I'm a guy in his early 50's, recovering from Chronic Fatigue Syndrome and Severe Obstructive Sleep Apnea.

3 Comments

James Trickett · August 17, 2016 at 11:15 PM

Thanks Graham, really excellent link, most appreciated: a psychologist has highlighted my need for self compassion, I’m able to give it everyone else except myself in the doses required. This is such perfect timing.
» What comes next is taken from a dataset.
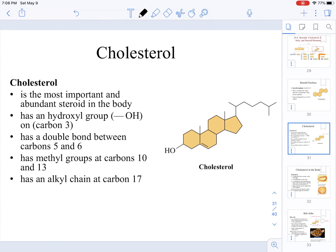When it comes to the steroids present in the human body, understand that cholesterol is the most important and abundant steroid in the human body. It has a hydroxyl group on carbon 3, a double bond between carbon 5 and 6, methyl groups on carbon 10 and 13, and an alkyl chain on carbon 17.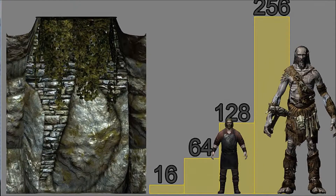Units in the Creation Kit is defined as 64 units equaling 3 feet, which is a little less than 1 meter. 128 units is about the size of a person, or 6 feet, which is 1.8 meters. 1024 units is about 48 feet, or 14.6 meters. I've included a link for the units in the description.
She thinks the CFS energy uncertainties have encouraged within me with GAD – generalised anxiety disorder – and I really notice now that she is on to something, as I’ve known for a while it is not feeling safe due to a general fear of uncertainty that can be independent of the energy issue. I guess it is just another name for the flight or fight response but it is addressing the thought patterns that keep the flight or fight going so it feels like progress from here 🙂 hope you are enjoying helping others with your wonderful insights, and still getting to do the stand up, oh brave one 🙂

    Graham · August 19, 2016 at 10:13 AM

    Thanks James! I relate to what you’ve said about not feeling safe due to a general fear of uncertainty; it’s one of my big triggers too. I’ve been working on it through setting boundaries and being more assertive with people so I’m more likely to get what I want and be treated in ways I find less threatening, and giving myself the compassion, empathy and understanding that I have craved from others in the past. In the same vein of being kind to myself, the stand-up is on hold for the time being until I’m in a less anxious space. Let me know how the self-compassion meditation goes for you! Cheers, Graham

Judith · July 19, 2016 at 12:55 AM

Thanks. I am using the CDs of Jon Kabat-Zinn. They are brilliant!
I will use these that you have highlighted too.